MIT’s AI Model for COVID-19 Uses Similar Biomarkers to Detect Alzheimer’s
A cough can reveal a lot about a person’s health, but you need to know what you’re listening for. Researchers at MIT said that differences in coughs between healthy individuals and someone with COVID-19 are not discernible to the human ear but can be detected by AI.
In their study, the AI was able to accurately identify 98.5% of coughs from people with confirmed COVID-19, including 100% of those who were asymptomatic.
The team hopes that their findings can help provide a convenient way to screen for asymptomatic COVID-19 individuals.
For the project, they asked people to voluntarily submit recordings of forced coughs through their smartphones and laptops. The team then fed the recordings into the algorithm, which is based on tens of thousands of cough samples and spoken words.
Participants were also asked to fill out a survey indicating the symptoms they are experiencing, whether they have had COVID-19, and if it was confirmed by a formal test.
Currently, they have collected 200,000 samples of forced cough audio. About 2,500 of them were submitted by people with confirmed COVID-19, including those who were asymptomatic.
The MIT team is in the process of integrating the algorithm into an app. If it receives approval from the US Food and Drug Administration, it could become a free and non-invasive screening tool to identify asymptomatic COVID-19 individuals.
App users could log in daily and simply cough into their phone. Instant results would alert them to a possible infection and the need for testing.

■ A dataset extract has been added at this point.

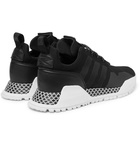 adidas Originals - AF 1.4 Primeknit and Leather Sneakers - Men - Black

“The effective implementation of this group diagnostic tool could diminish the spread of the pandemic if everyone uses it before going to a classroom, a factory, or a restaurant,” said co-author Brian Subirana, a research scientist at the MIT Auto-ID Lab.

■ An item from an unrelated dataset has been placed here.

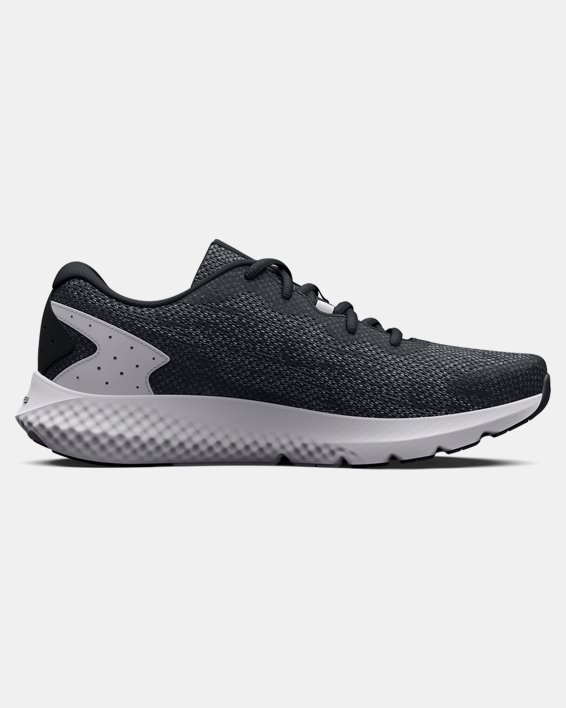 Men's UA Charged Rogue 3 Knit Running Shoes in Black image number 6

Recordings of coughs have many uses. Before the pandemic, other research groups trained algorithms to detect pneumonia and asthma from cell phone cough recordings.
The MIT team that worked on the COVID-19 algorithm also developed models to detect signs of Alzheimer’s disease through audio recordings. Weakened vocal cords are a sign of this type of dementia.
Subirana and his colleagues first trained two models, one to distinguish different degrees of vocal cord strength and another to detect changes in emotional state through speech.
Alzheimer’s patients express frustration or emotion more frequently than people without the disease, the researchers said.
They then trained another model on a database of coughs to detect changes in lung and respiratory performance.
These three models combined with another that detects muscle degradation were found to be an effective way to identify Alzheimer’s solely through audio recordings.
The AI model for COVID-19 uses the same four biomarkers – vocal cord strength, emotion, lung and respiratory performance, and muscle degradation. The COVID-19 model was only slightly adjusted to look for specific patterns for viral infection.
Subirana and his team’s findings were published in the IEEE Journal of Engineering in Medicine and Biology.
Other organizations like Cambridge University, Carnegie Mellon University, and Novoic, a UK-based health start-up, are also working on similar tracking tools.